American sentiment has been surprising. During our first jaunt into town, we were stopped by some of the dockworkers to ask us where we were from. Once they heard all of us shout the U.S. their faces lit up. Again, surprising.

I had not planned anything while in this specific port.  I figured that I would just go where the wind took me and hopefully it would be blowing in the right direction.

The first day was spent meandering around the town looking for grocery stores and such. It is always nice to have a chance to get your bearings in the first few hours of the day...especially if there is a language barrier.  Luckily, there was none to really speak of. The national language of Namibia is English, but Afrikaans is spoken throughout most of the population along with the other 22 plus languages spoken around the country. 

That night, 13 of us went up to the next town about 30 minutes away. Swakopmund was an interesting experience. I stayed in my first hostel for $3 USD a night. When I walked in I felt like breaking into song and singing the score from Annie. Let me tell you it was a “hard knock life”. 

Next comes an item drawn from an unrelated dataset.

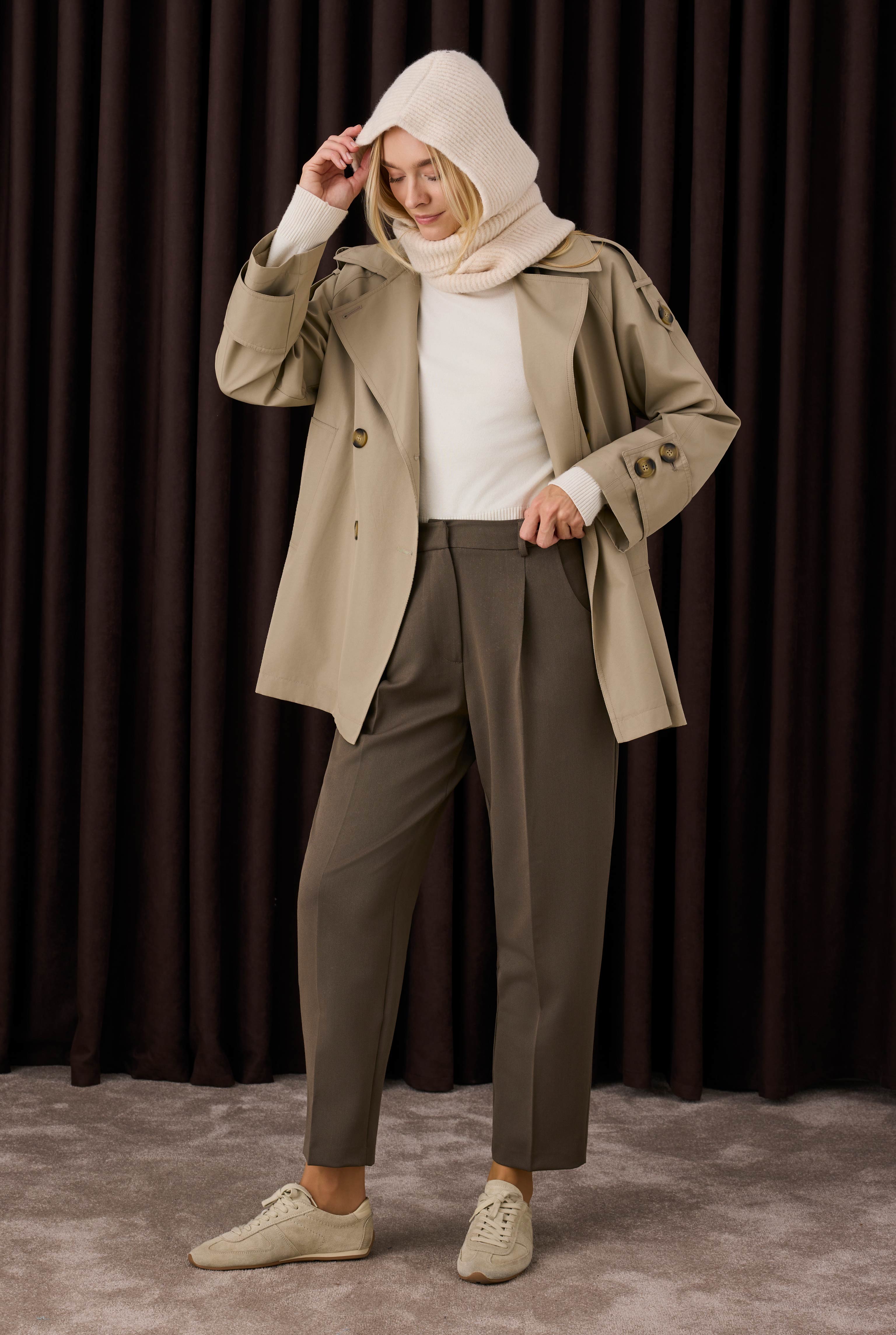 Tapered Trousers Truffle - 2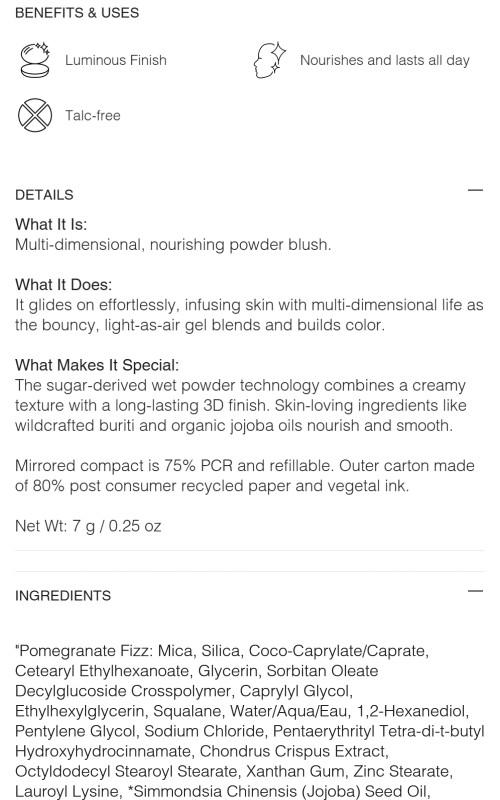 ReDimension Hydra Powder Blush Makeup with  Compact -       Organic Gel Nourishing Calcium French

I was one of the late groups into town, as the first group went up earlier that day to figure out a place to stay.  The first group ended up meeting a school choir that was singing at a local competition and invited us to come along. They even set up transportation free of charge.  I have never seen so much talent before. There were choirs from all over the country that sang and danced but I believe the liveliest person in the group was the host school’s principal. He shook all of our hands and introduced himself and began conversations of various topics with us.

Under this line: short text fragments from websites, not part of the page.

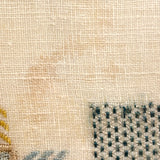 Very Fine Antique Dutch Silk on Linen Darning Sampler with Golden Threads, 1816, Professionally Framed as Found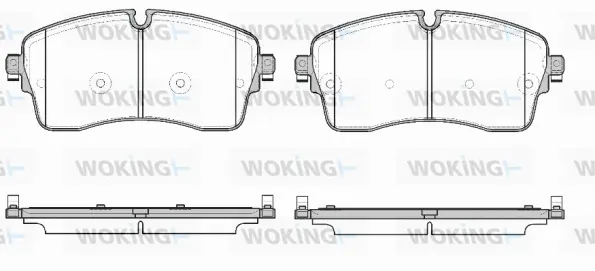 Brake Pad Set, disc brake (P19153.00)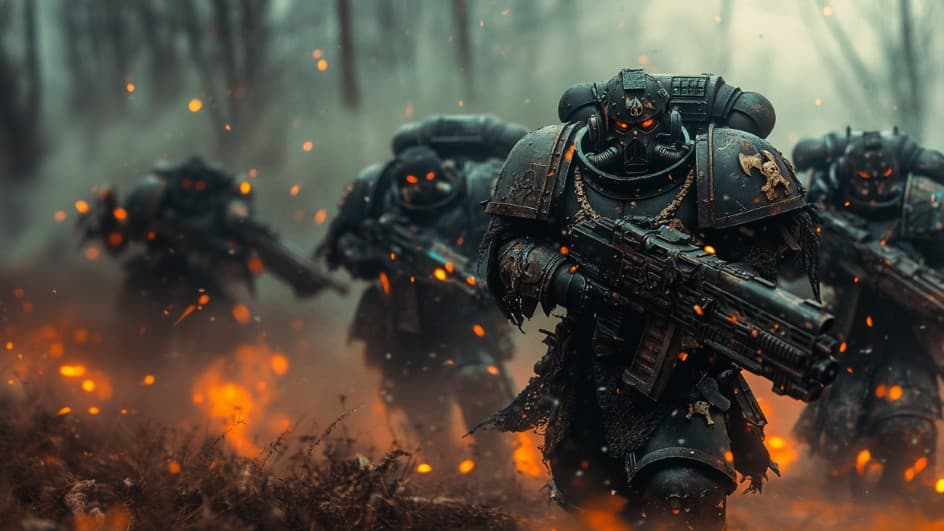 Chaos Space Marine Raiders - WH40k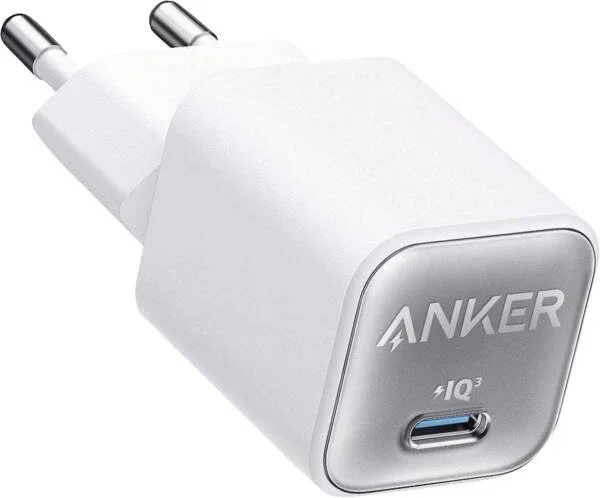 Anker A2337G21 Cargador de Pared 30W 511 Nano Carga Rápida Puerto USB-C Blanco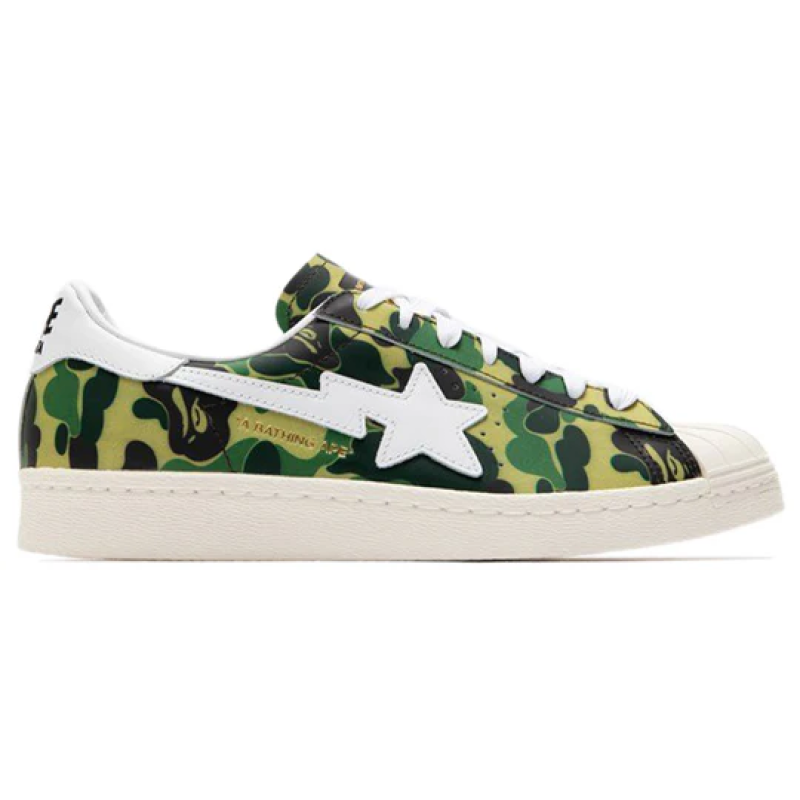 Adidas Superstar Bape ABC Camo Green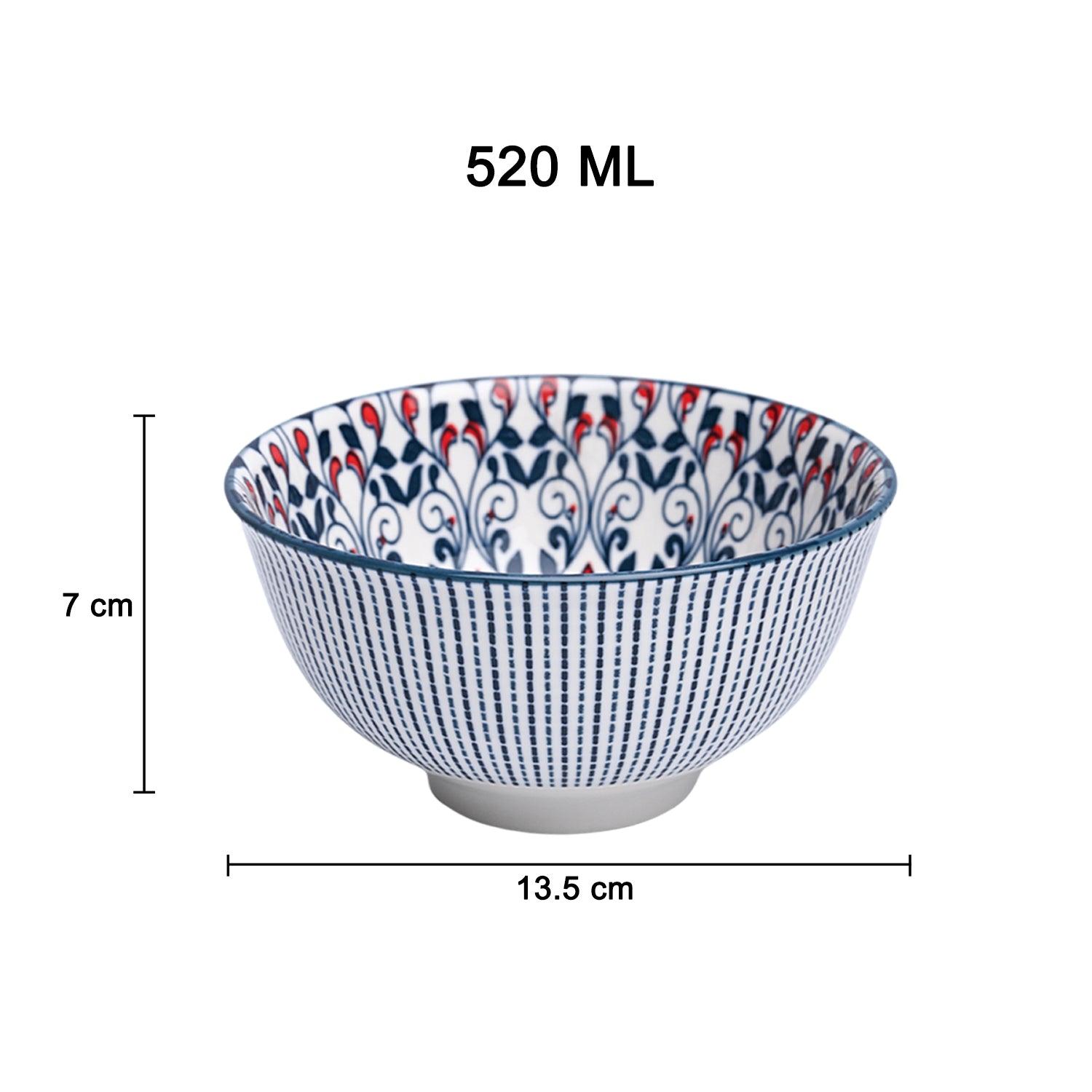 Geomatry Bowl Set Of 2 (650Ml)
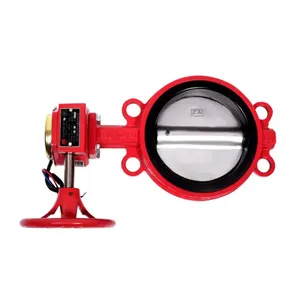 Manufacturer Custom ZSFZ Series Fire Fighting Sprinkler System Grooved Type Wet Fire Alarm Check Valve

Naturally, American politics came up in the conversation. When all of the sudden the principal turns to us and says, “and then George Bush ‘messed’ up your country.”  You can imagine that he might have used a more colorful word there. All of us looked at one another and couldn’t help but laugh from the shock of the punch line. The rest of the night was spent at one of the local German restaurant’s, Kuckies, and later on at a pub. I had an ostrich steak for dinner and I think that I’ve been converted. It is leaner than beef, but has an incredible flavor. 

We shopped all of the next day and spent some time walking around the town. We had breakfast/lunch at a local spot. I cannot express how much I truly enjoyed the food. All of us were exhausted from the sleepless night in the hostel, so after a bit of meandering we went back to the boat.

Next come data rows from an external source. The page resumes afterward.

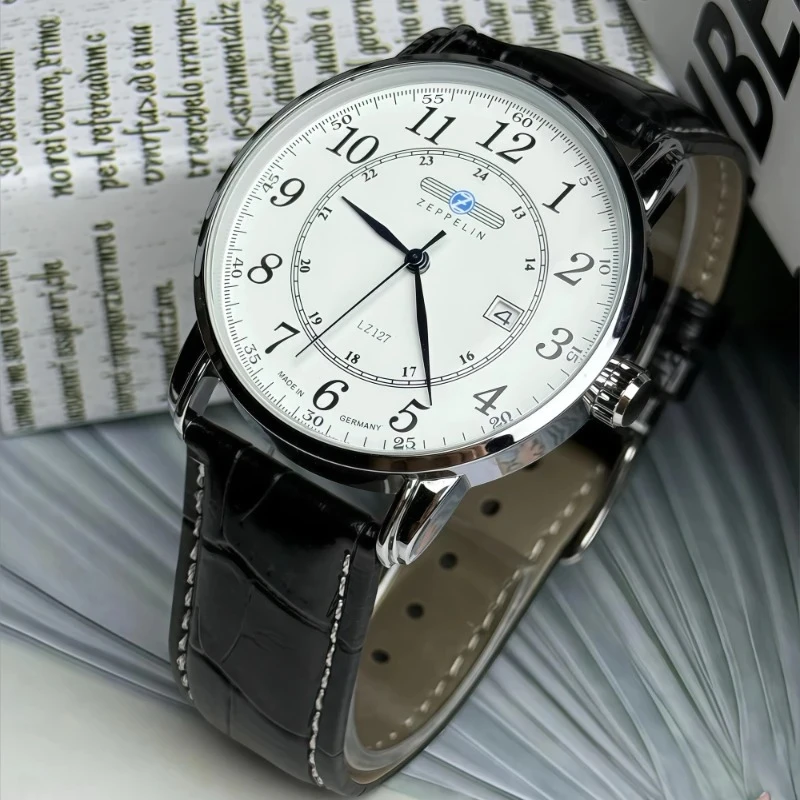 Zeppelin Airship Couple Watch Simple Fashion Men's Professional Quartz Watch Three Pin Calendar Sports Watch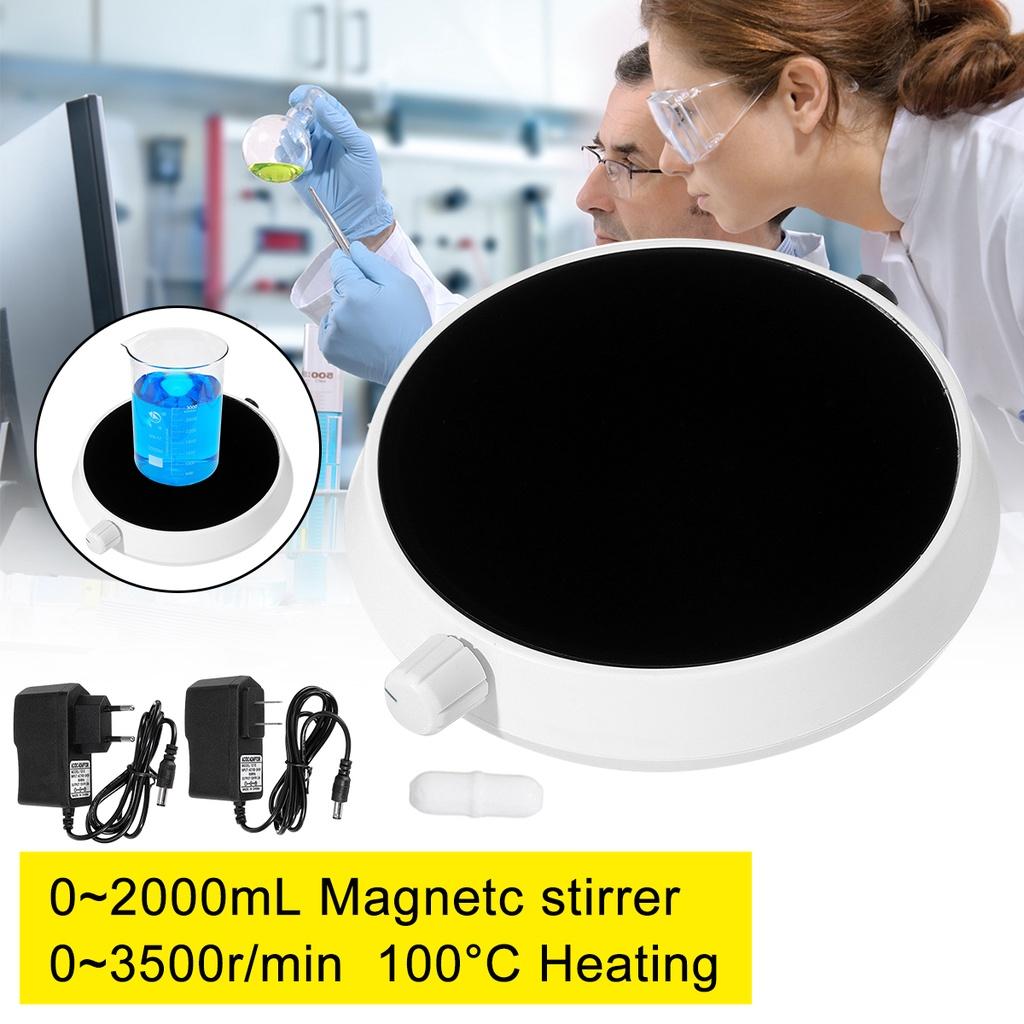 2000ML Magnetic Mixer Stirring Capacity for Home Lab Educational Magnetic Stirrer Laboratory Equipment Magnetic Agitator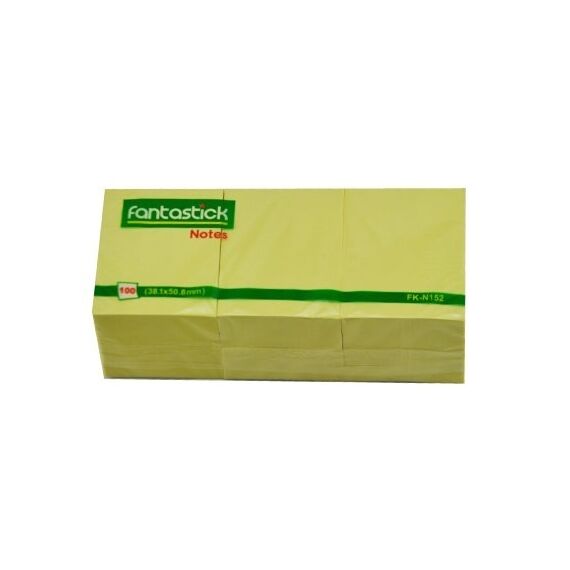Sticky Note Fantastick (38.1x50.8mm) Yellow 12 PC/Pack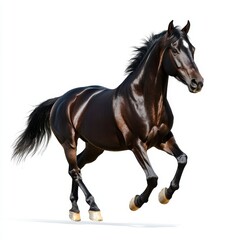 Fototapeta premium Majestic Black Horse Running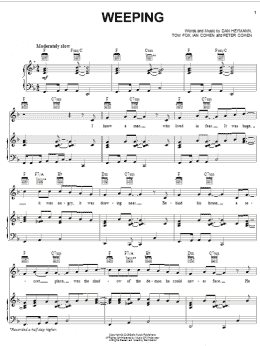 page one of Weeping (Piano, Vocal & Guitar Chords (Right-Hand Melody))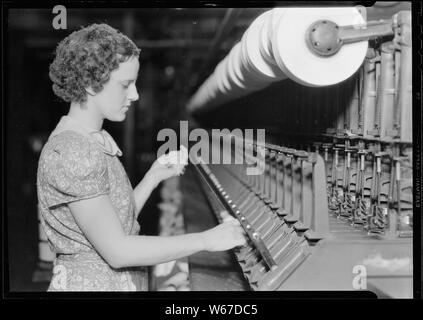 Millville, New Jersey - Textilien. Millville Manufacturing Co [Frau ziehen Thema.] Stockfoto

My friend Marissa and I went sand boarding the next day on Dune 7 with a group of girls. It made me miss the snow. Sand boarding is basically snow boarding...on sand. Instead of taking a lift, you hopped onto the back of quads. We got in five or six runs. I can’t say that it was all that easy even for the most experienced boarders because the sand was so fine. If you didn’t wax the board enough you just sank. Pretty incredible views from the top of the dunes though, I have to keep reminding myself that this is my life and it is all about living for the moment.

The last few days flew past me, we partied and ate and had a blast just being with one another.  I bought quite a few mementos from a lady named Kathy right outside the port gate. She drove a hard bargain and I think that I totally got ripped off, but I just didn’t have the heart to haggle with her anymore. What she was selling was her livelihood. I would rather give my money to someone that it directly affects than a commercial business.

My scariest story so far on this trip occurred here. I was going to the bank with friends and there was a guy that had just used the ATM. He came out of the vestibule and I proceeded to the machine. Before I even took out my card my friend Juliana yelled at me to not do it. I hadn’t realized that the same guy was right behind me in the vestibule. It scared me so much that I almost swung at the guy. Luckily, everything turned out all right and I walked away.  Another one of our friends broke the tension afterward by stating that if a New Yorker, Juliana, got scared about a situation then you know it’s not good.  We all laughed, but I am defiantly counting my blessings.

Namibia was an extraordinary place that will always have a place in my heart. The people were beautiful, the country was beautiful and the experiences are things that I will never forget.